The biggest question to ask is if Burton's offensive game will be enough to offset the problems that his lack of height could cause defensively? On the surface, I think it can.
Burton isn't a guy that gets his shots in the rhythm of the game, but that's not always a bad thing. On a team full of players that are used to being complimentary pieces, Prohm needs a guy that can simply step up and get buckets and that is what Burton can give you.
Looking back at his usage rate and shot rate, you have to assume those numbers only increase now that Georges Niang, Abdel Nader and Jameel McKay have moved on. In fact, Burton's percentage of possessions used and shots taken already put him among the top 10 in those categories in the Big 12. This could prove to be especially good news for Iowa State as Burton is a career 50.9% shooter and knocks down his threes at a clip of 46.4%. That's in 66 career D1 games as well, so we're talking about a pretty good sample size.
Now, the biggest adjustment Burton will have to make is responding to being "game-planned for". My guess is that on last year's scouting report, Burton likely fell somewhere between 4th to 6th in terms of the most dangerous player on the Iowa State roster. How will Burton handle being treated as anywhere from a #1 to #3 option as coaches send better defenders at him?
The truth is, we'll likely see an increase in Burton's usage and as more of a top-level score, it's reasonable to assume that could lead to a dip in his offensive efficiency. Still, I don't think it would be out of line to project Burton's scoring average climbing up to around the 15-point threshold as a high-water mark with 12 points per game likely being his floor. And really, we're not talking about much to hit those numbers.

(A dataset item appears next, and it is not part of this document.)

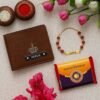 Shop Personalized Men's Wallet, Choclate and Metal Rudraksha Rakhi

Burton took 7 shots a game this past season, so if he takes 4-5 more per game next year and makes 45% of those looks, we're talking about anywhere from 4-6 more points scored per game. That number could even be more drastic if he ups his 3-point attempt rate from the 26% he posted last year to closer to 30% as a senior (which wouldn't be a bad idea considering he shot 18-38 from deep). And this doesn't even take into account free throw attempts, which as we can see above, Burton posted the second best free throw attempt rate on the team last year.
I'm on record predicting Monte Morris to lead Iowa State in scoring next year, but if there's one guy on the roster that I can see pushing him for that honor, it's Burton. Then again, Prohm doesn't need Burton to be an alpha dog. He just needs him to be consistent, and that's the challenge going forward.